Kilkenny's modern Godfather gets a part two
ON GAELIC GAMES:NO COUNTY does “out of the blue” like Galway. During the close-on 40 years of their modern hurling identity, they have delivered the unexpected – from euphoria to dismay – so often as to be paradoxically predictable.
Tipperary, with their fine and weighty traditions, had to assemble a formidable side and make incremental progress during three seasons through league, provincial and All-Ireland competition before they could take Kilkenny in the championship.
Galway have done it three times – more often than any county – to Brian Cody’s Kilkenny. I was once told that young barristers are advised when defending clients involved in car crashes never to tell a judge that the other vehicle “came out of nowhere” but with Galway, there’s no option but to risk the court’s displeasure.
Cody had a weary demeanour in the post-match conference – not in the sense of being tired of the whole business but rather a “told-you-so” reproachfulness.
“I haven’t a different story to what I had before the game,” he said. “I said they were capable of beating us and we were capable of beating them on different days, whatever way the game works out.”

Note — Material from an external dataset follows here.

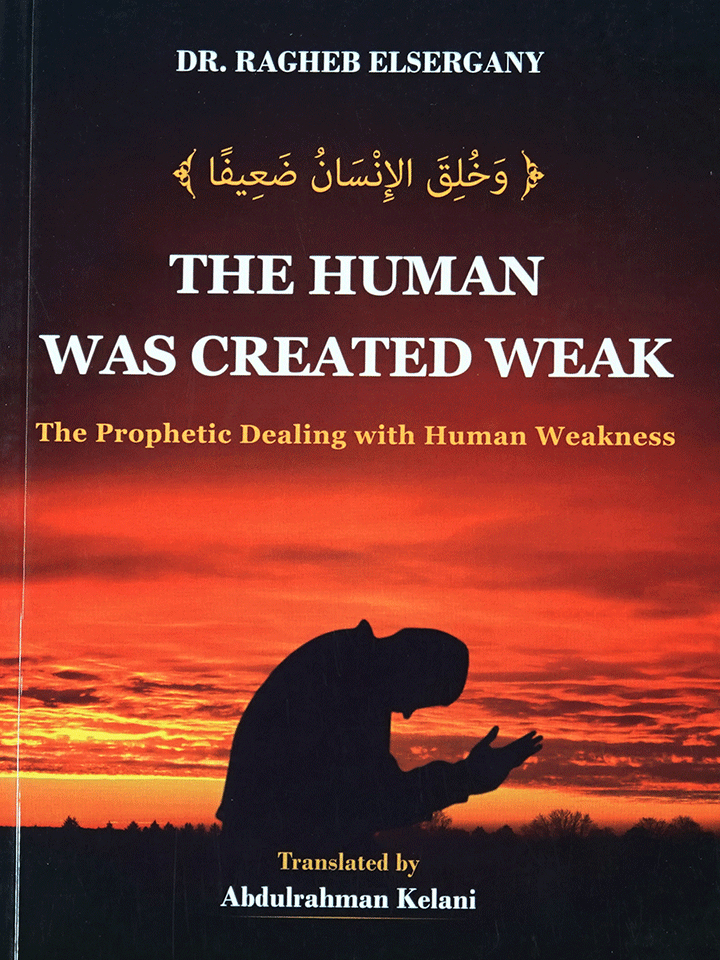 The Human was Created Weak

In 2001, Cody’s All-Ireland champions were hustled out of the All-Ireland semi-finals at a stage when the hurling chatter du jour was whether DJ Carey, Charlie Carter and Henry Shefflin constituted the best full-forward line in history.
Cody is rarely comfortable with superlatives. The qualities he is most quoted as admiring are honesty, industry and humility – as in the medieval memento mori rather than false modesty. In other words no one’s too big to fail.
You can imagine him being haunted by the conversations that began to spring up in recent weeks: how the championship was over and the extent to which depression stalked the land as another Kilkenny All-Ireland assumed the status of the inevitable.
Cody’s first All-Ireland as a player came against Galway 37 years ago. Coincidentally it was greeted as evidence that the team of that era – three All-Irelands in four years – was possibly the greatest of all time.
The win was also the last MacCarthy Cup success of the team coach, Fr Tommy Maher, who took the county to seven All-Irelands in 18 seasons – a feat made all the more remarkable by the presence in those same years of the great Tipperary team of the 1960s, the Cork three-in-a-row side of the 1970s and, within Leinster, a frequently menacing Wexford.
Maher’s coaching genius made Kilkenny the pre-eminent modern hurling power. Since his first year in 1957 when, by his own account, he reluctantly agreed to take on the team, Kilkenny have won 20 All-Irelands, whereas Cork and Tipperary have managed 11 and 10 respectively.
The 13 that weren’t won under Maher’s baton were all conducted by his apprentices; every single successful manager, including Cody, had played for him in the 1950s, ’60s or ’70s – a more direct and fruitful legacy than even Kevin Heffernan’s in Dublin football.
The Godfather of Modern Hurling – the Fr Tommy Maher story by Enda McEvoy (Ballpoint Press, €14.99) recounts the achievement.
In an age which future historians will have no difficulty in chronicling, such is the volume of publications detailing individuals and events, we sometimes forget how patchy the literature of the GAA was before the 1990s.
This is a terrific book, which illuminates a story and a personality about which surprisingly little has been told.